Swapping stories of how they managed to climb the corporate ladder and break the glass ceiling, those female lawyers were inspiring and powerful, and yet modest and unassuming in the telling.  As I mingled and networked, I thought of Madeleine Albright's (former US Secretary of State) trademark phrase: "There’s a special place in hell for women who don’t help each other," and thought: Well, this group will be going to heaven!

The conference covered a variety of topical issues facing the global legal profession today: from the megatrends, industry 4.0, the future of M&A and innovative litigation, to the effects of IT and outsourcing on law firms, fee structures and law firm management.

The sessions were overlaid with, but not exclusively dedicated to, 'women's' issues, such as quotas, homeworking, juggling a family and a career, and how to make partner.  Assertiveness versus aggressiveness was a recurring issue: A man is described as the former (positive trait), while a women is labeled as the latter (negative trait).  How to overcome this bias?
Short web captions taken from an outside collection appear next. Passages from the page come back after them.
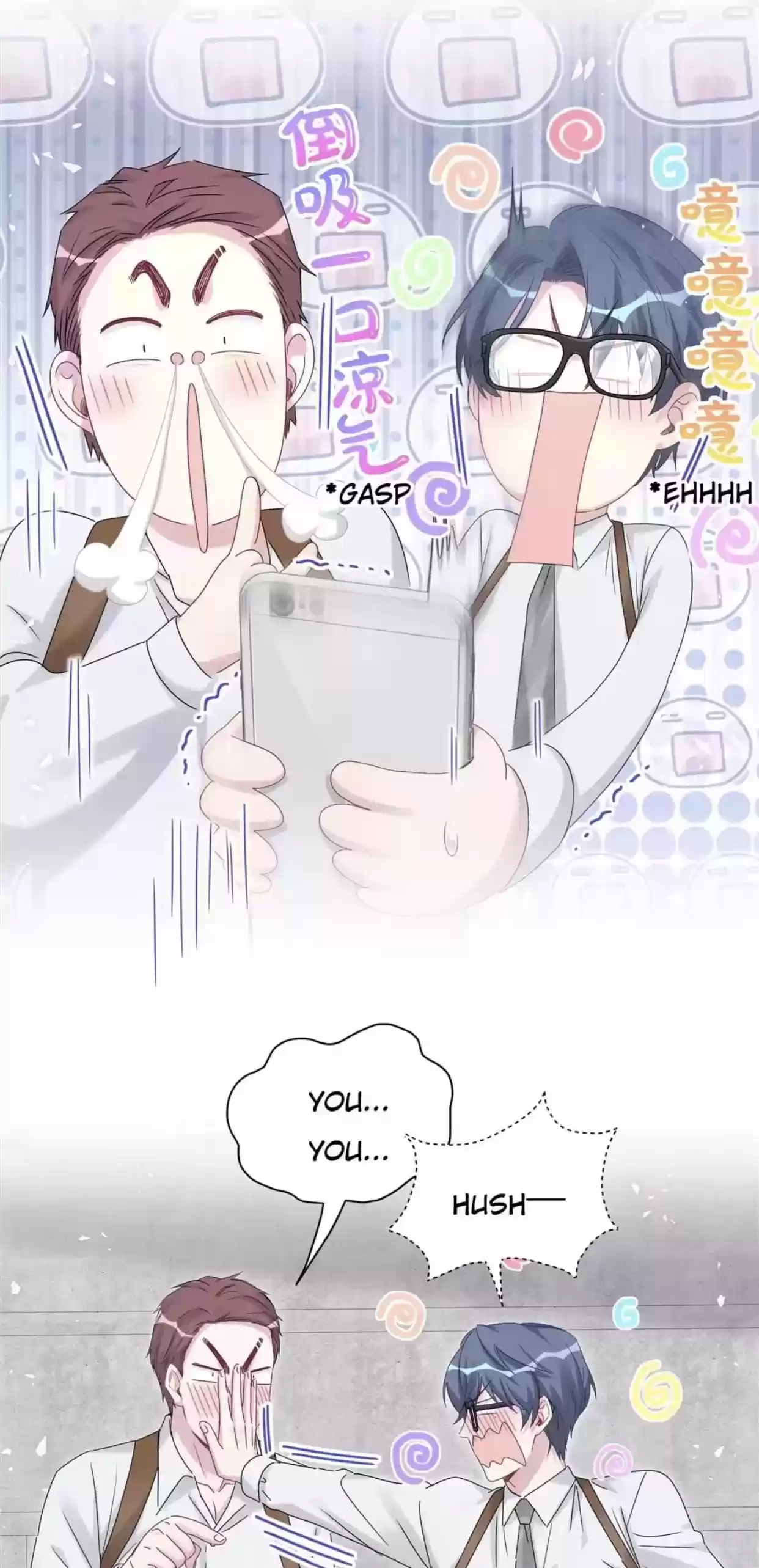 Whose Baby Is It? Chapter 139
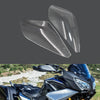 Yamaha Mt-09 Fj 09 Tracer 16-18? Smoke Generic Front Headlight Lens Protection Fit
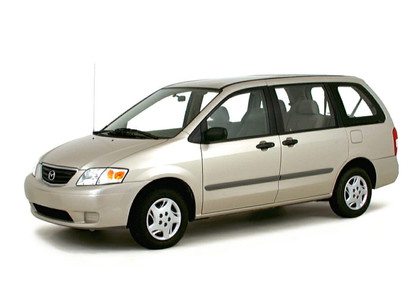 Коврики на Mazda MPV II 1999 - 2006 в Смоленске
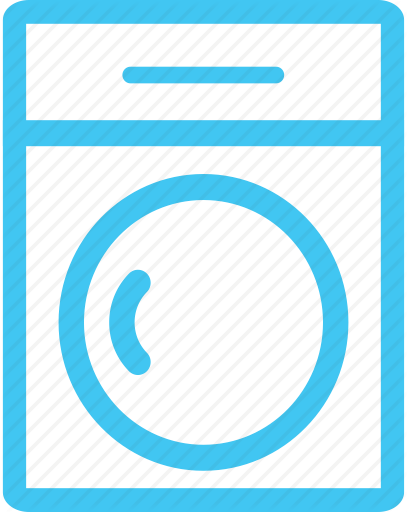 407x512 Laundry, Washer, Washing Machine Icon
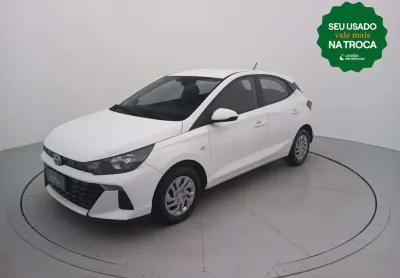 Hyundai hb20 2024 1.0 12v flex sense plus manual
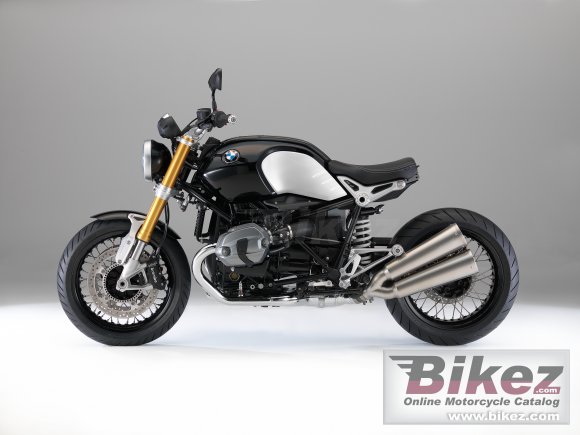 BMW R nine T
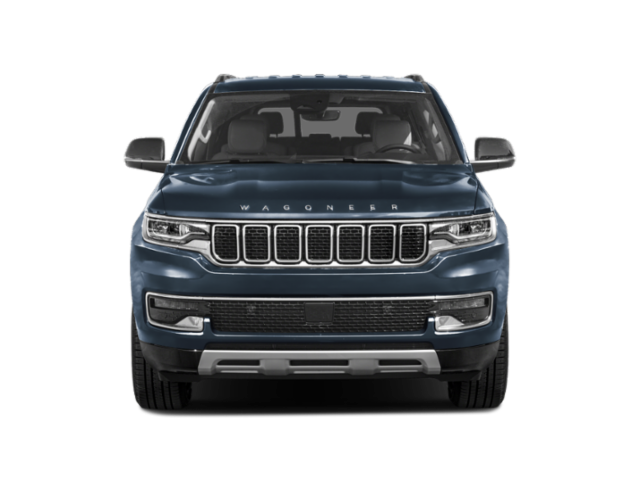 2025 Jeep Wagoneer L Series II Carbide 4x4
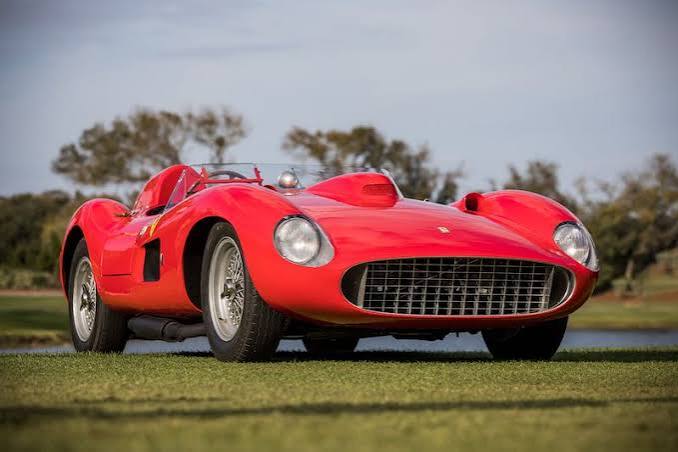 Ferrari 335 S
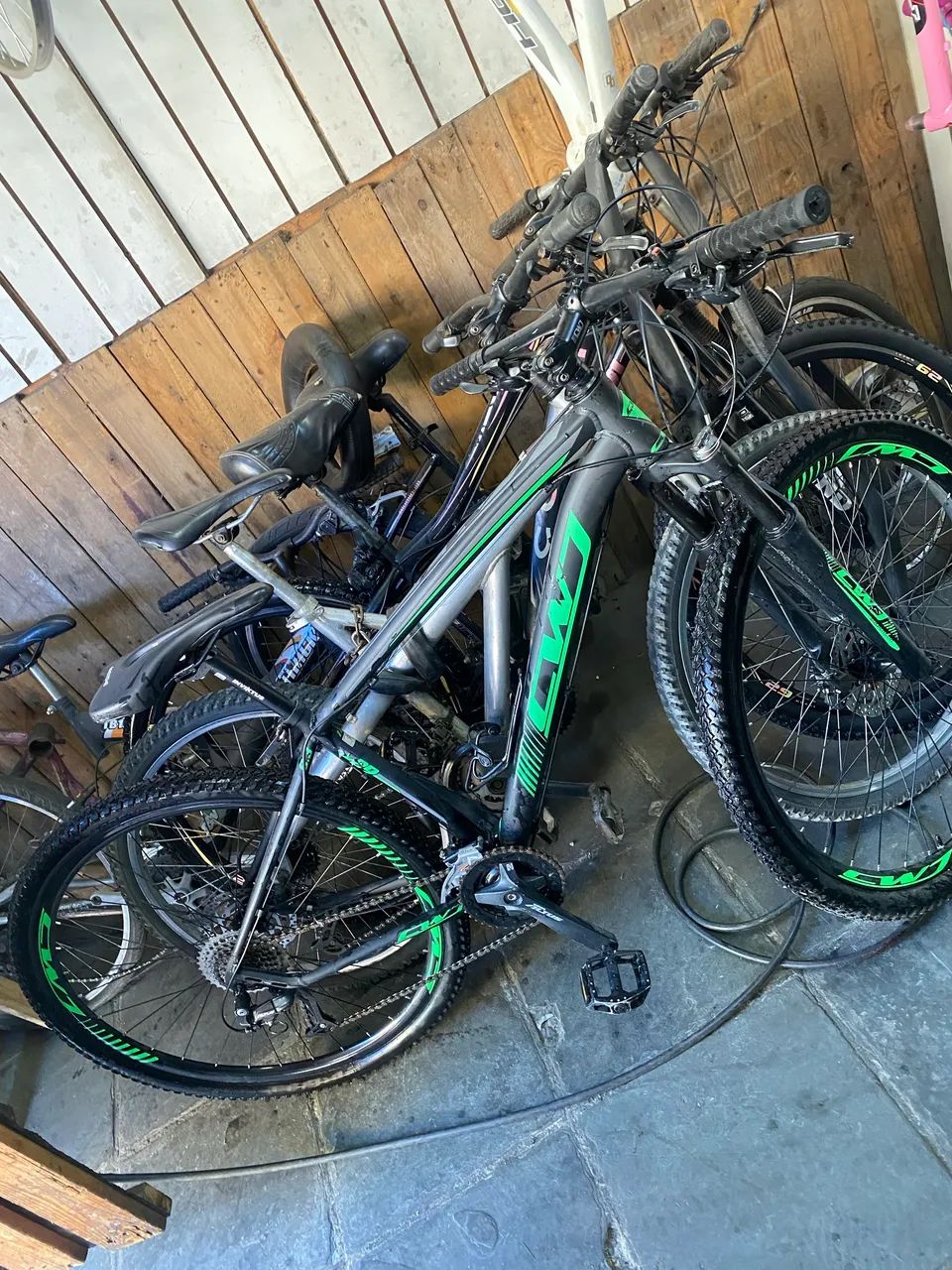 Bicicleta ksw  - Foto 2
Conscious and sub-conscious bias was one of the topics addressed by the keynote speaker, Hilarie Bass, Co-President of Greenberg Traurig, Miami, Florida.  She invited the audience to take the Harvard University online bias test: You will be amazed and perturbed at the results, she assured us!
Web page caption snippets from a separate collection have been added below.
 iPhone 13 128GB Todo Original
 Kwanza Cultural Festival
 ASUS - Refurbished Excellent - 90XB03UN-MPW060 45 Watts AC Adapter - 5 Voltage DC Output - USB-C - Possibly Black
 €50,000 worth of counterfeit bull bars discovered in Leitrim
Her other thought-provoking line was: Will law firms go the way of Kodak and the Encyclopedia Britannica, and what can we do to prevent that?

Roselyn Sands, Labour and Employment Law Leader at Ernst & Young, Paris, was quick to ask when we will start to see the emergence of 'Uber' lawyers, and that the need for work life balance is not just limited to working mums, but also to dads and to all those who wish to have the time to pursue interests outside work. 

Catherine Dixon, Chief Executive of the Law Society of England and Wales, shared some interesting statistics and insights into the legal profession in the UK.  Did you know that 68% of investors prefer pitches by males (preferably good-looking) rather than females, that 4/5 of partners are male, and even if you get that coveted partnership, the pay gap between men & women equity partners is 20%?

The good news is that M&A deals in 2015 hit a record high in the Healthcare, Technology & Energy sectors, and Due Diligence is not seen as a commodity, but key to the success of any deal.  The future will see lawyers deal sourcing for the client, thus moving away from the traditional role of legal advisor, towards the business of lawyering.

So, to sum up, the takeaways from this conference were:

  • As all practice areas become disrupted by technology, niche firms will fare better than the others in the future, by offering high-end specialist services, while routine work is commoditized;
  • Cross-border work is on the increase, and having 'good friends' across multiple jurisdictions is paramount;
  • Make yourself indispensable to your client: know their business and become their valued business partner;
  • Demystify the law: offer practical, commercial solutions;
  • Embrace change in your practice, use technology to enhance services to clients;
  • Clients are always looking for more for less: disruptive change will see some firms disappear;
  • Fee transparency and billing efficiency are strongly called for.

On a personal note, it has been my good fortune to have worked with two of the top (male) employment law specialists in Italy over the past ten years: Franco Toffoletto and Luca Failla.  And I can say without reserve that my experience as a female foreign lawyer in Italy has always been a very positive and satisfying one, devoid of bias and full of encouragement.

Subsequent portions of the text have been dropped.